The story lacks originality although it more than makes up for that fact by being fast-paced entertainment with two exciting action sequences; the typhoon and the pirate attack. The love triangle though was done better in Red Dust with Mary Astor playing the lady to Harlow’s tramp. A young Rosalind Russell does a decent job here but the refined Sybil is certainly not a character she would become famous for playing.
She and Lewis Stone are the only stars playing against type. Russell would soon become famous playing fast-talking working girls. Stone plays the notorious coward Tom Davids. He was just another character actor until he replaced Lionel Barrymore as Mickey Rooney’s father, that perfect moral compass Judge Hardy, in the Andy Hardy pictures.
I agree that Robert Benchley is funny in the Frank McHugh type drunken sidekick role, although the fact that he would be dead in 10 years from too much booze is rather sobering. Wallace Beery and C. Aubrey Smith are their reliable old selves. Beery gets one of the movie’s best scenes when he attempts to out drink Harlow. (I’ve played a few drinking games in my time but unlike Eric, I never played this one.) I can’t not mention Hattie McDaniel. She always brought some uniquely sassy personality to her many maid roles. She brightens the few scenes she shares here with Harlow.
Still Gable and Harlow are why this movie is remembered. They made any movie better with their presence and together they created sparks.

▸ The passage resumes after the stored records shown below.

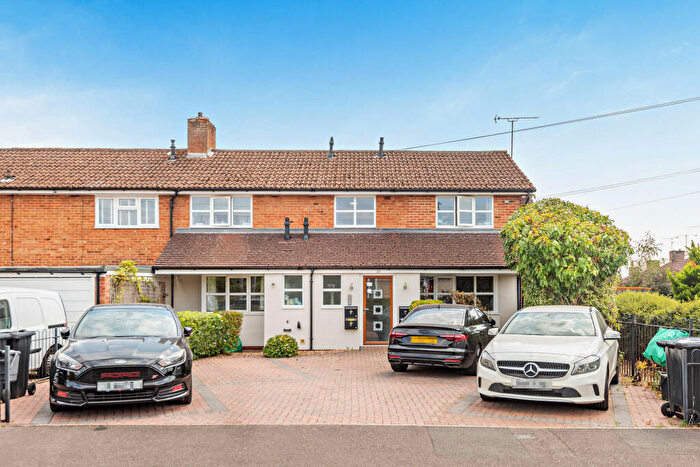 1 Bedroom Flat For Sale In Pennfields, Ruscombe, RG10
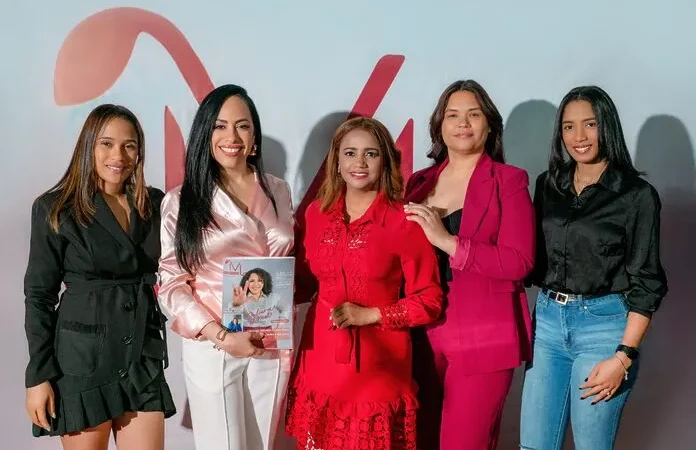 Lanzan primera edición de la revista Mujer Santo Domingo Este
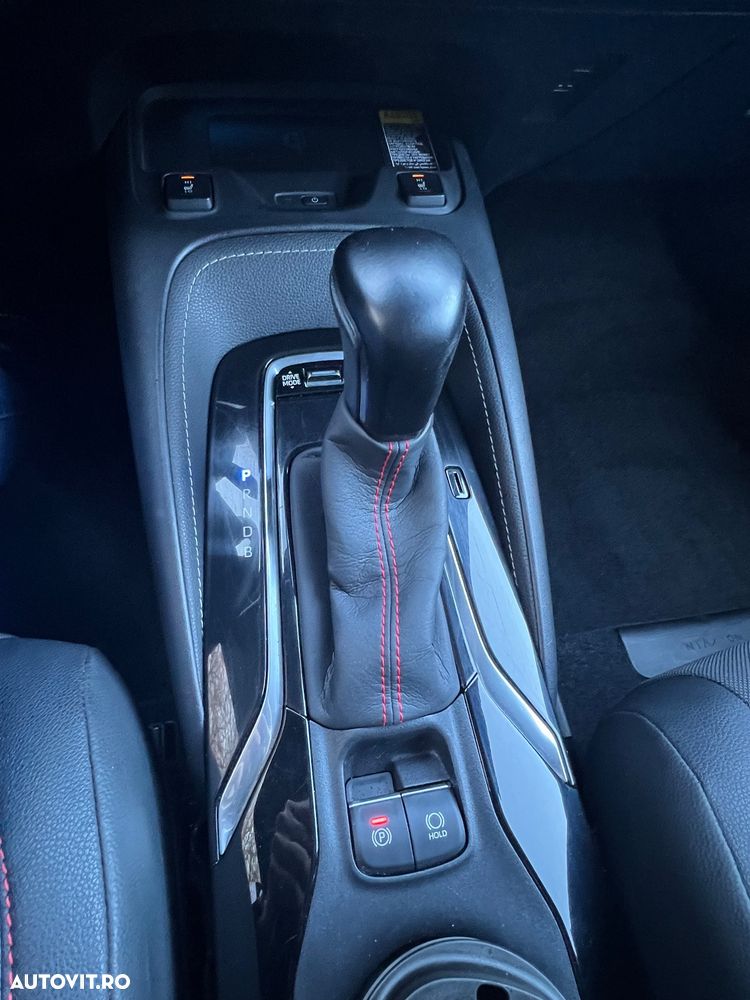 Toyota Corolla 1.8 HSD Dynamic GR Sport - 8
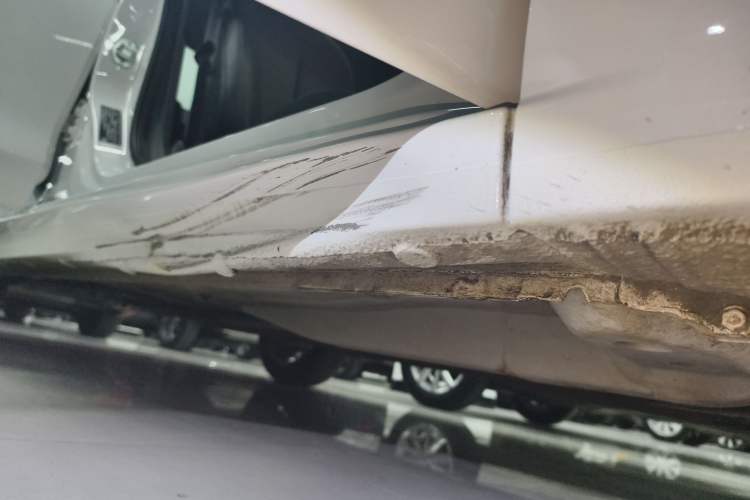 Used Buick GT 2021 Revised Version 1.3T Automatic Mild Hybrid Elite Edition Right Side Sill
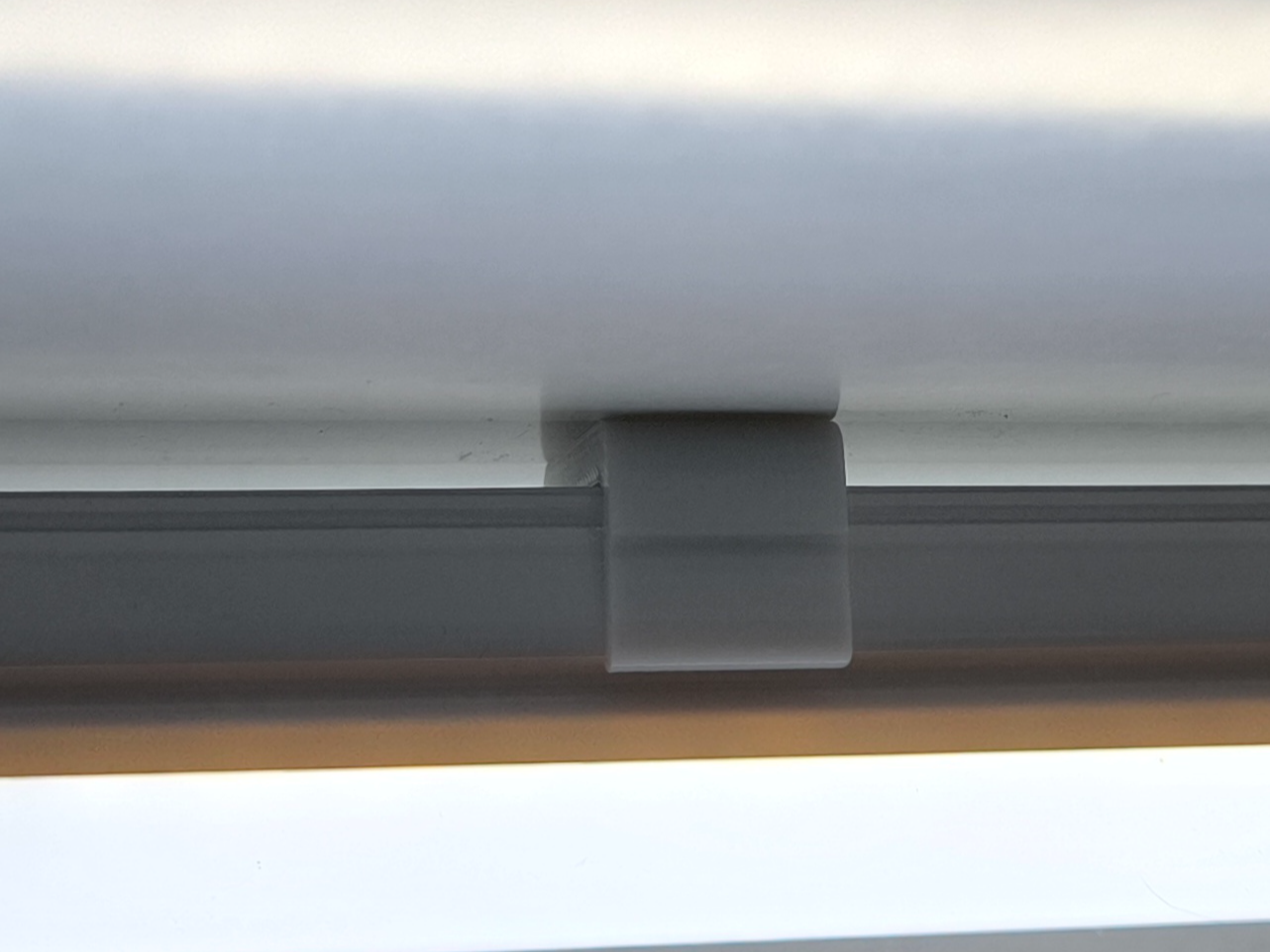 Fluorescent tube clip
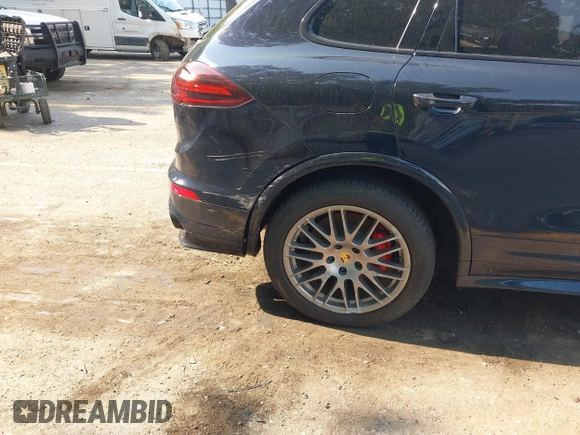 2016 Porsche Cayenne GTS с VIN WP1AD2A24GLA76719, выставлен на аукционе IAAI как лот 42487658 с пробегом 85 872 миль миль и . История ставок и продаж доступна на DreamBid. Изображение 6.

Gable is at his manliest, barking orders to his subordinates while charming the panties off the women in his life. He was at his most physically attractive stage in the mid-1930’s. He has such personal magnetism and imposing stature that you can’t look at anyone else when he is commanding the screen.
Harlow was always Harlow. She knew who she was and how to say her lines. The one scene where she surprised me here was when she nobly gives up Gable so that he can be with Russell. (Whether or not he goes for her I won’t say.) Harlow demonstrates real emotion here and gives a glimpse of what a fine dramatic actress she might have been.
China Seas is grand old fashioned movie making. It matters not that it all seems terribly familiar to any fan of 1930’s Hollywood.